CHN: House-Passed Child Tax Credit Will Help 13 Million Low-Income Children; Senate Tax Bills at a Standstill

Three tax issues that Congress will need to resolve this year are interwoven House and Senate tax bills: an Alternative Minimum Tax (AMT) ‘patch’, the renewal of expiring annual tax credits often referred to as ‘extenders’, and improvements in the Child Tax Credit.  There is bi-partisan support for each of these.  At issue is a commitment by the House to offset the cost of paying for these tax provisions by raising revenues elsewhere in the tax system and the reluctance of the Senate to agree.
In May the House passed the Renewable Energy and Job Creation Act (H.R. 6049) –  which extends dozens of temporary tax cuts that expired December of 2007 or will expire December 2008 – including the research and development tax credit, a deduction for property taxes for non-itemizers, the deduction for tuition expenses, an optional deduction for state sales taxes and a package of energy-related tax credits. The bill also made important changes to the Child Tax Credit that would make three million working poor families newly eligible for a refundable Child Tax Credit and result in larger credits for another 10 million low-income families who already receive a partial Child Tax Credit.  The House bill provides this help by making families with earnings of $8,500 or more eligible for at least a partial credit although they don’t earn enough to owe federal income taxes (called a “refundable” credit).  Now, families with earnings less than $12,050 are ineligible for the CTC. The House fully covered the costs with two revenue-raising offsets: one would prevent certain executives and some hedge fund managers from delaying taxes on compensation by using offshore arrangements; the second would delay implementation of rules that give multinational corporations more flexibility in how they allocate interest expenses.

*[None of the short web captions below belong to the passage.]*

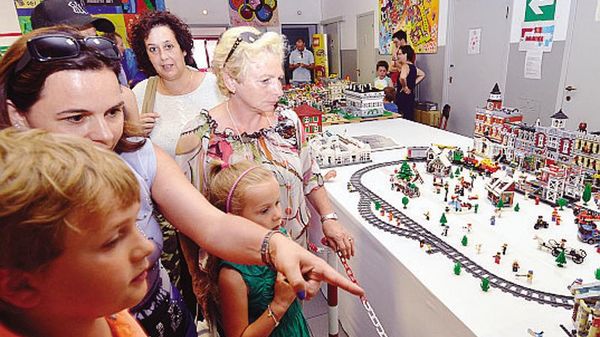 Si è chiusa col botto la fiera del Lego andata in scena a Ballabio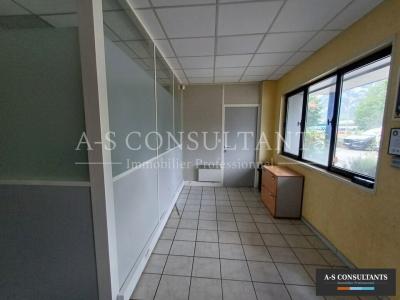 Louer Commerce Sainte-helene-du-lac 384000 euros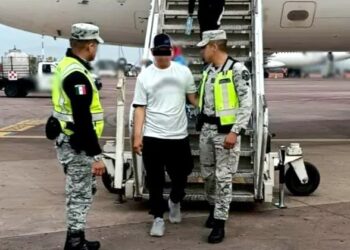 Detenido por intentar desviar vuelo provoca choque al querer escapar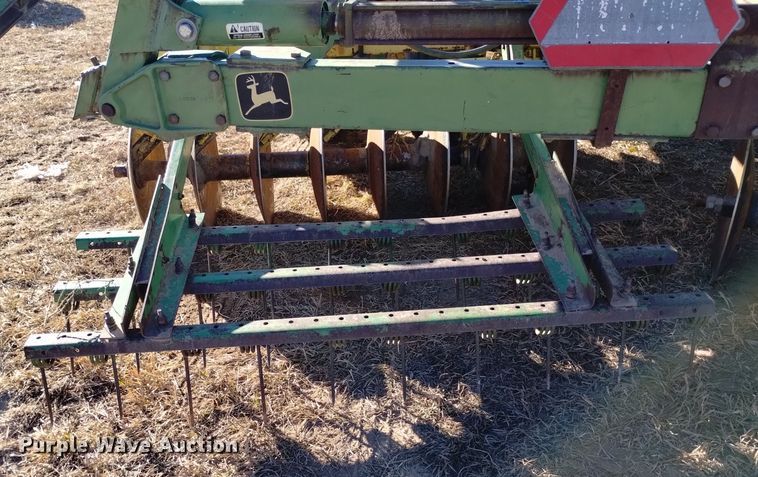 image for item DK8889 John Deere 230  double off-set disk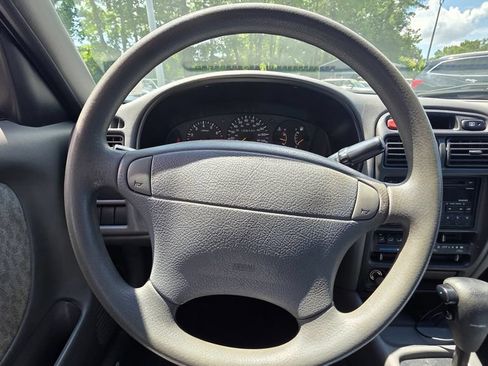 Used 2002 Suzuki Esteem GLX FWD image 13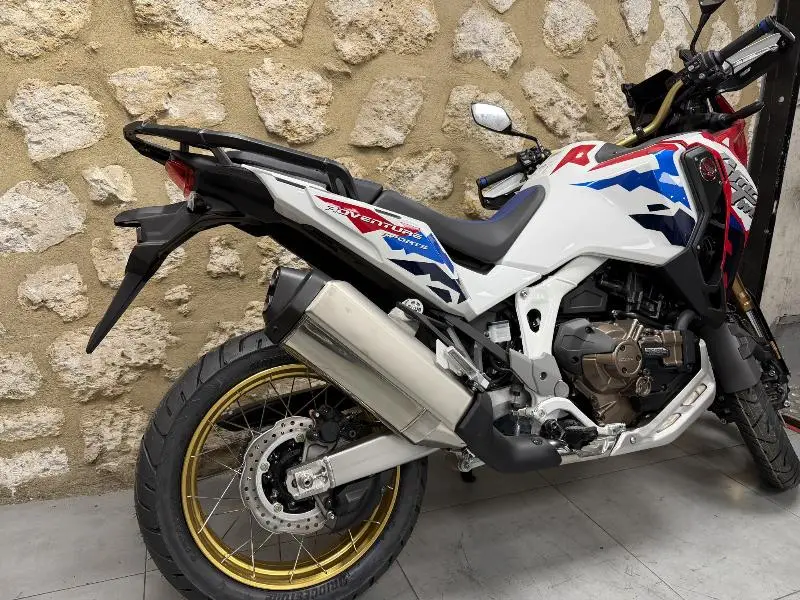 CRF 1100 L AFRICA TWIN  ADVENTURE SPORTS DCT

Congress created the AMT in 1969 to ensure that the wealthiest Americans would not be able to avoid paying any income tax by taking advantage of legal loopholes in the system.  The AMT exemption level was not indexed for inflation so gradually more middle-income taxpayers would be subject to the higher AMT tax instead of paying the regular income tax if Congress failed to act.  In recent years annual AMT ‘patches’ have been enacted which raise the exemption level in order to limit millions more taxpayers from being subject to the tax.  Although referred to as a middle-class tax cut, according to Citizens for Tax Justice two-thirds of the benefits go to the best-off 10 percent of taxpayers.  See Citizens for Tax Justice paper here.

The House addressed the AMT patch by passing H.R. 6275, the Alternative Minimum Tax Relief Act of 2008 by a vote of 232-189 on June 25.  The $61.5 billion cost is fully paid for with provisions that would require private equity managers to tax their income at the ordinary income tax rate instead of the lower 15 percent capital gains rate; deny major oil and gas companies from claiming a deduction for domestic manufacturing; require information reporting to the IRS by banks and credit card companies of the total amount of charges at individual merchants; and limiting benefits to foreign-owned companies that use U.S. tax treaties with third countries.  For the first time 10 Republicans joined Democrats in supporting an AMT patch bill that was paid for by other sources of revenue.

The Senate failed twice, on June 10 and 17, to achieve the 60 votes necessary to proceed with the House bill to extend expiring tax breaks (H.R. 6049). Legislation introduced on June 12 by Senate Finance Committee Chairman Max Baucus (D-MT), the Energy Independence and Tax Relief Act of 2008 (S. 3125), provides a less generous improvement in the CTC that would leave out about 1.5 million children helped by the House version, extends the tax credits in the House bill and adds more credits, and provides an AMT patch.  Like H.R. 6049, the Baucus bill offsets the cost of the extenders and the CTC improvements, but does not pay for the AMT patch.  See Human Needs Report for June 13 for more details.

The House has made it clear that they will not accept an extenders bill that is not paid for with revenue-raisers.  Pressure is mounting on the Senate to accept the offsets in H.R. 6049.  Many businesses are making it clear that passing the tax benefit extensions is more important to them than losing the tax breaks that pay for the extensions.  The House has been less insistent that the AMT patch be paid for.  Congress will likely pass an unpaid- for AMT patch as it did at the end of 2007.

Advocates are concerned that, while those who have the most continue to enjoy generous tax breaks, millions of poor children and their families continue to be denied the CTC as they were in 2007 when improvements were dropped from the AMT bill.  They are pressing Congress to reduce the minimum amount for the refundable CTC to $8,500, as H. R. 6049 does, and end annual threshold increases.